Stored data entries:
━━━━━━━━━━━━━━━━

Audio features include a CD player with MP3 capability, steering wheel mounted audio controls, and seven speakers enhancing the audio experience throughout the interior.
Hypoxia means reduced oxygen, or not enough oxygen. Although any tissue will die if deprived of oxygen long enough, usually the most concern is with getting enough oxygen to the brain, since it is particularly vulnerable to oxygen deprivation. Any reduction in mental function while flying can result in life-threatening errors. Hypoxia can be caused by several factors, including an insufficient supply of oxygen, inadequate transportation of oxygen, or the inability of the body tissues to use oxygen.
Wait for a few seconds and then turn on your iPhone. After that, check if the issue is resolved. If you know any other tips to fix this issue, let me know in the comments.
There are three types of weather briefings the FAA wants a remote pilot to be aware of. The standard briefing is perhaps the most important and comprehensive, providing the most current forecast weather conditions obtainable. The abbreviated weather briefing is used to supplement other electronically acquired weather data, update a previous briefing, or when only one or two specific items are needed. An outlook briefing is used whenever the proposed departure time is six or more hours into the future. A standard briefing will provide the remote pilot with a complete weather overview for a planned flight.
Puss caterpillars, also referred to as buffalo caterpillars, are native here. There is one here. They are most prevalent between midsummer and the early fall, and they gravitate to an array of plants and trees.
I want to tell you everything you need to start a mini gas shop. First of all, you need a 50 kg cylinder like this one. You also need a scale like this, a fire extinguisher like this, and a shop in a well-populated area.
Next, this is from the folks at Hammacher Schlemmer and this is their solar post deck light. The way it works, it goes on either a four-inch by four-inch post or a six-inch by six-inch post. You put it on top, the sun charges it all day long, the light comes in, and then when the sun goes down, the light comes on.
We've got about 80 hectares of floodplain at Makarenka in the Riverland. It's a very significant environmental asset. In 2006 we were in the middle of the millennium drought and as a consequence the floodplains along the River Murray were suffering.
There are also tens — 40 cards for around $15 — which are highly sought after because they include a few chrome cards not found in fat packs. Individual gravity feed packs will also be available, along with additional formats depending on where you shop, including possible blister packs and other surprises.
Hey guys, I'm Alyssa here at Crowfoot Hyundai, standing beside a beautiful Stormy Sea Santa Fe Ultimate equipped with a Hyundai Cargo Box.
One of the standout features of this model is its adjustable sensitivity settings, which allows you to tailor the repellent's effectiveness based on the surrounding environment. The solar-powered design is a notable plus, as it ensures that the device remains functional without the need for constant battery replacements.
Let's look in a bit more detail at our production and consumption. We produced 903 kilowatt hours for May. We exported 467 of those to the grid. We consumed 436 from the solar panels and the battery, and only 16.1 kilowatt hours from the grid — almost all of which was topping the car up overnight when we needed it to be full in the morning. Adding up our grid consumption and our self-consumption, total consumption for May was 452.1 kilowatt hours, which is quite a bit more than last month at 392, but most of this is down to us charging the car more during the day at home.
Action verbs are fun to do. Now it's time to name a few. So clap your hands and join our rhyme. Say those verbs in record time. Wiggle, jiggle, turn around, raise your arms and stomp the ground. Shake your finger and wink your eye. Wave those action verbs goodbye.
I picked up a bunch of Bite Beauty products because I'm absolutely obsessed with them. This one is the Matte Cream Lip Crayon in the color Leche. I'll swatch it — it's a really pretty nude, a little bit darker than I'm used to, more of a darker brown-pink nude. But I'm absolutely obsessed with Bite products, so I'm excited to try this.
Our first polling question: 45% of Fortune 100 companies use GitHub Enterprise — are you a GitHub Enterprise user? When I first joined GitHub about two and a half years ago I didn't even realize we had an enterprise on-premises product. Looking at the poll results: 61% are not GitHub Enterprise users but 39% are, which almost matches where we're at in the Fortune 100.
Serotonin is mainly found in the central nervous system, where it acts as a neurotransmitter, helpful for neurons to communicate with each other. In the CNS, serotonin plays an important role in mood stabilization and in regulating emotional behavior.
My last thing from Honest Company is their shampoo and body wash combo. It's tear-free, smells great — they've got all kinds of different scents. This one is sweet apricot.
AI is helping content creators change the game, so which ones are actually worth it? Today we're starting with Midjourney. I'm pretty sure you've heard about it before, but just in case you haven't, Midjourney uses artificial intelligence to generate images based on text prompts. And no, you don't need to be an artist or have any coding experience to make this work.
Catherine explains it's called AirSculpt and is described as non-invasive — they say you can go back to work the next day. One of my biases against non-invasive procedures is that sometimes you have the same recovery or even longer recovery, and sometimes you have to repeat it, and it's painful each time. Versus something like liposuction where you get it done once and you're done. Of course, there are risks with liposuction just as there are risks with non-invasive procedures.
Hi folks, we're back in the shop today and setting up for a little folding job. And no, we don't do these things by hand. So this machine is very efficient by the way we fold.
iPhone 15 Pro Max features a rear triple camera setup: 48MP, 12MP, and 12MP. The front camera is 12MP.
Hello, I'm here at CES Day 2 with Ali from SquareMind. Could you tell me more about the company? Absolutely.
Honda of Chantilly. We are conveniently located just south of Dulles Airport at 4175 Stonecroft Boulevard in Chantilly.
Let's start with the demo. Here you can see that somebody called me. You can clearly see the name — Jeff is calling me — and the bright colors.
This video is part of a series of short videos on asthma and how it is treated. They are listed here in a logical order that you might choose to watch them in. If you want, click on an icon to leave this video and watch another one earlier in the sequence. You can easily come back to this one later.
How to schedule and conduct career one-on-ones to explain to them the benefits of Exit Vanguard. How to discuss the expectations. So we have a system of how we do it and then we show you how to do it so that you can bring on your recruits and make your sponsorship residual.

━━━━━━━━━━━━━━━━

> [Exercise description] Each of the entries above needs to be given again exactly.

> [Written response]
Audio features include a CD player with MP3 capability, steering wheel mounted audio controls, and seven speakers enhancing the audio experience throughout the interior.
Hypoxia means reduced oxygen, or not enough oxygen. Although any tissue will die if deprived of oxygen long enough, usually the most concern is with getting enough oxygen to the brain, since it is particularly vulnerable to oxygen deprivation. Any reduction in mental function while flying can result in life-threatening errors. Hypoxia can be caused by several factors, including an insufficient supply of oxygen, inadequate transportation of oxygen, or the inability of the body tissues to use oxygen.
Wait for a few seconds and then turn on your iPhone. After that, check if the issue is resolved. If you know any other tips to fix this issue, let me know in the comments.
There are three types of weather briefings the FAA wants a remote pilot to be aware of. The standard briefing is perhaps the most important and comprehensive, providing the most current forecast weather conditions obtainable. The abbreviated weather briefing is used to supplement other electronically acquired weather data, update a previous briefing, or when only one or two specific items are needed. An outlook briefing is used whenever the proposed departure time is six or more hours into the future. A standard briefing will provide the remote pilot with a complete weather overview for a planned flight.
Puss caterpillars, also referred to as buffalo caterpillars, are native here. There is one here. They are most prevalent between midsummer and the early fall, and they gravitate to an array of plants and trees.
I want to tell you everything you need to start a mini gas shop. First of all, you need a 50 kg cylinder like this one. You also need a scale like this, a fire extinguisher like this, and a shop in a well-populated area.
Next, this is from the folks at Hammacher Schlemmer and this is their solar post deck light. The way it works, it goes on either a four-inch by four-inch post or a six-inch by six-inch post. You put it on top, the sun charges it all day long, the light comes in, and then when the sun goes down, the light comes on.
We've got about 80 hectares of floodplain at Makarenka in the Riverland. It's a very significant environmental asset. In 2006 we were in the middle of the millennium drought and as a consequence the floodplains along the River Murray were suffering.
There are also tens — 40 cards for around $15 — which are highly sought after because they include a few chrome cards not found in fat packs. Individual gravity feed packs will also be available, along with additional formats depending on where you shop, including possible blister packs and other surprises.
Hey guys, I'm Alyssa here at Crowfoot Hyundai, standing beside a beautiful Stormy Sea Santa Fe Ultimate equipped with a Hyundai Cargo Box.
One of the standout features of this model is its adjustable sensitivity settings, which allows you to tailor the repellent's effectiveness based on the surrounding environment. The solar-powered design is a notable plus, as it ensures that the device remains functional without the need for constant battery replacements.
Let's look in a bit more detail at our production and consumption. We produced 903 kilowatt hours for May. We exported 467 of those to the grid. We consumed 436 from the solar panels and the battery, and only 16.1 kilowatt hours from the grid — almost all of which was topping the car up overnight when we needed it to be full in the morning. Adding up our grid consumption and our self-consumption, total consumption for May was 452.1 kilowatt hours, which is quite a bit more than last month at 392, but most of this is down to us charging the car more during the day at home.
Action verbs are fun to do. Now it's time to name a few. So clap your hands and join our rhyme. Say those verbs in record time. Wiggle, jiggle, turn around, raise your arms and stomp the ground. Shake your finger and wink your eye. Wave those action verbs goodbye.
I picked up a bunch of Bite Beauty products because I'm absolutely obsessed with them. This one is the Matte Cream Lip Crayon in the color Leche. I'll swatch it — it's a really pretty nude, a little bit darker than I'm used to, more of a darker brown-pink nude. But I'm absolutely obsessed with Bite products, so I'm excited to try this.
Our first polling question: 45% of Fortune 100 companies use GitHub Enterprise — are you a GitHub Enterprise user? When I first joined GitHub about two and a half years ago I didn't even realize we had an enterprise on-premises product. Looking at the poll results: 61% are not GitHub Enterprise users but 39% are, which almost matches where we're at in the Fortune 100.
Serotonin is mainly found in the central nervous system, where it acts as a neurotransmitter, helpful for neurons to communicate with each other. In the CNS, serotonin plays an important role in mood stabilization and in regulating emotional behavior.
My last thing from Honest Company is their shampoo and body wash combo. It's tear-free, smells great — they've got all kinds of different scents. This one is sweet apricot.
AI is helping content creators change the game, so which ones are actually worth it? Today we're starting with Midjourney. I'm pretty sure you've heard about it before, but just in case you haven't, Midjourney uses artificial intelligence to generate images based on text prompts. And no, you don't need to be an artist or have any coding experience to make this work.
Catherine explains it's called AirSculpt and is described as non-invasive — they say you can go back to work the next day. One of my biases against non-invasive procedures is that sometimes you have the same recovery or even longer recovery, and sometimes you have to repeat it, and it's painful each time. Versus something like liposuction where you get it done once and you're done. Of course, there are risks with liposuction just as there are risks with non-invasive procedures.
Hi folks, we're back in the shop today and setting up for a little folding job. And no, we don't do these things by hand. So this machine is very efficient by the way we fold.
iPhone 15 Pro Max features a rear triple camera setup: 48MP, 12MP, and 12MP. The front camera is 12MP.
Hello, I'm here at CES Day 2 with Ali from SquareMind. Could you tell me more about the company? Absolutely.
Honda of Chantilly. We are conveniently located just south of Dulles Airport at 4175 Stonecroft Boulevard in Chantilly.
Let's start with the demo. Here you can see that somebody called me. You can clearly see the name — Jeff is calling me — and the bright colors.
This video is part of a series of short videos on asthma and how it is treated. They are listed here in a logical order that you might choose to watch them in. If you want, click on an icon to leave this video and watch another one earlier in the sequence. You can easily come back to this one later.
How to schedule and conduct career one-on-ones to explain to them the benefits of Exit Vanguard. How to discuss the expectations. So we have a system of how we do it and then we show you how to do it so that you can bring on your recruits and make your sponsorship residual.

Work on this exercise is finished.